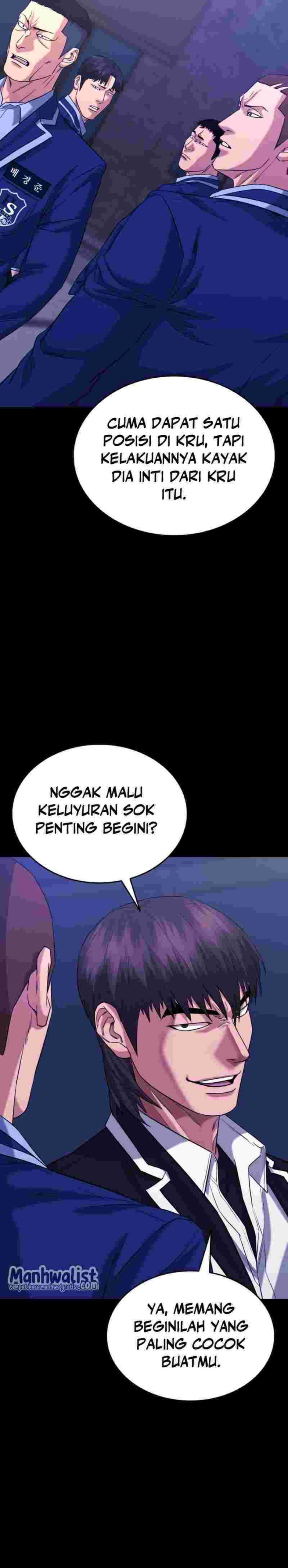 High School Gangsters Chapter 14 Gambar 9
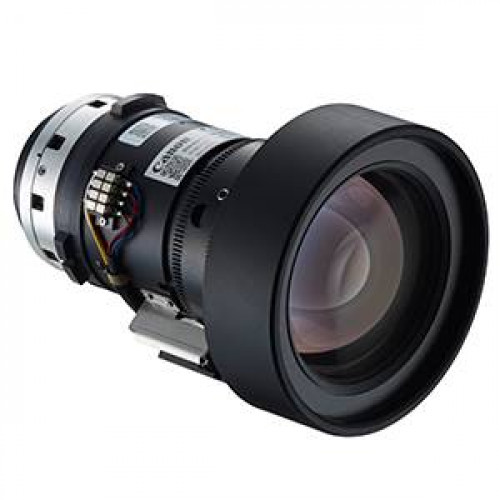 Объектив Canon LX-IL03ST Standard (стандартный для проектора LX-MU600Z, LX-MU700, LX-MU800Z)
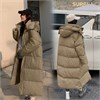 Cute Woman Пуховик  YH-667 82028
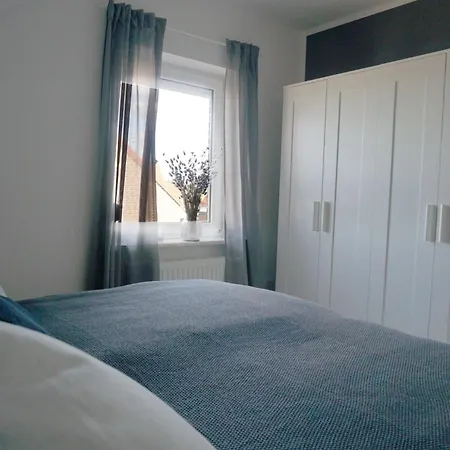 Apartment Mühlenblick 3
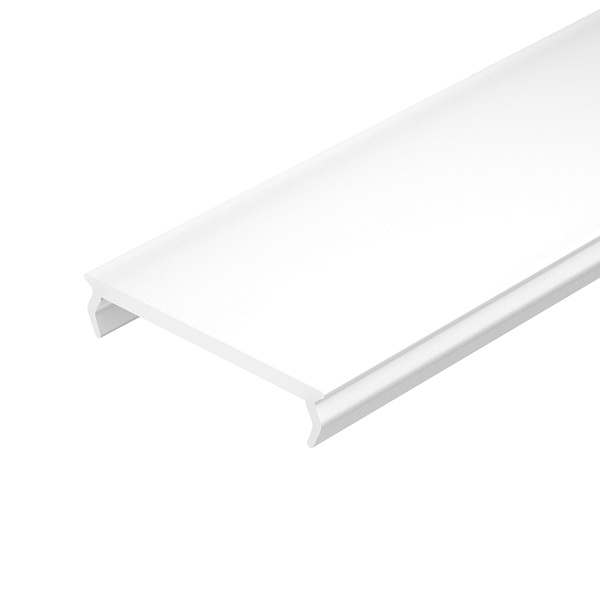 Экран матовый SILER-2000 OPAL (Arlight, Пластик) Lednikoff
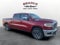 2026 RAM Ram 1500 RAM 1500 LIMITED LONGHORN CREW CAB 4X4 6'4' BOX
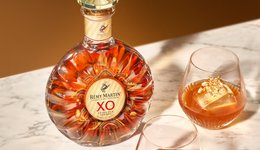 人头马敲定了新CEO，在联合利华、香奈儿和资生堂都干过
==
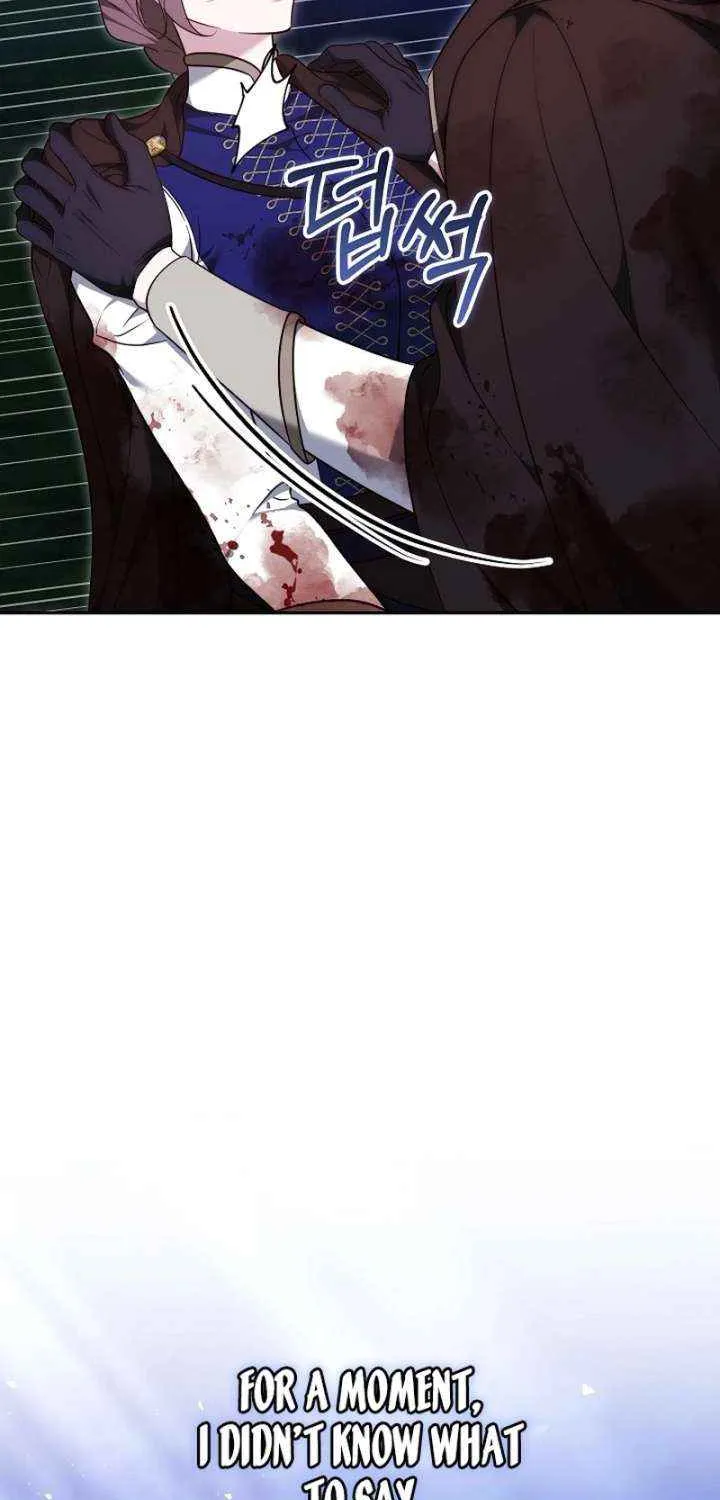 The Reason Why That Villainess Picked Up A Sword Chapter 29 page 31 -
--
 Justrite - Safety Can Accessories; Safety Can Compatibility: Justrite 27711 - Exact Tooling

== Work to complete ==
In the data above, find the line containing "Экран матовый SILER-2000" and the line containing "人头马敲定了新CEO，在联合利华、香奈儿和资生堂都干过". Repeat those two lines and everything between them exactly, minus the pictures.

== Result of this exercise ==
 Экран матовый SILER-2000 OPAL (Arlight, Пластик) Lednikoff
 2026 RAM Ram 1500 RAM 1500 LIMITED LONGHORN CREW CAB 4X4 6'4' BOX
 人头马敲定了新CEO，在联合利华、香奈儿和资生堂都干过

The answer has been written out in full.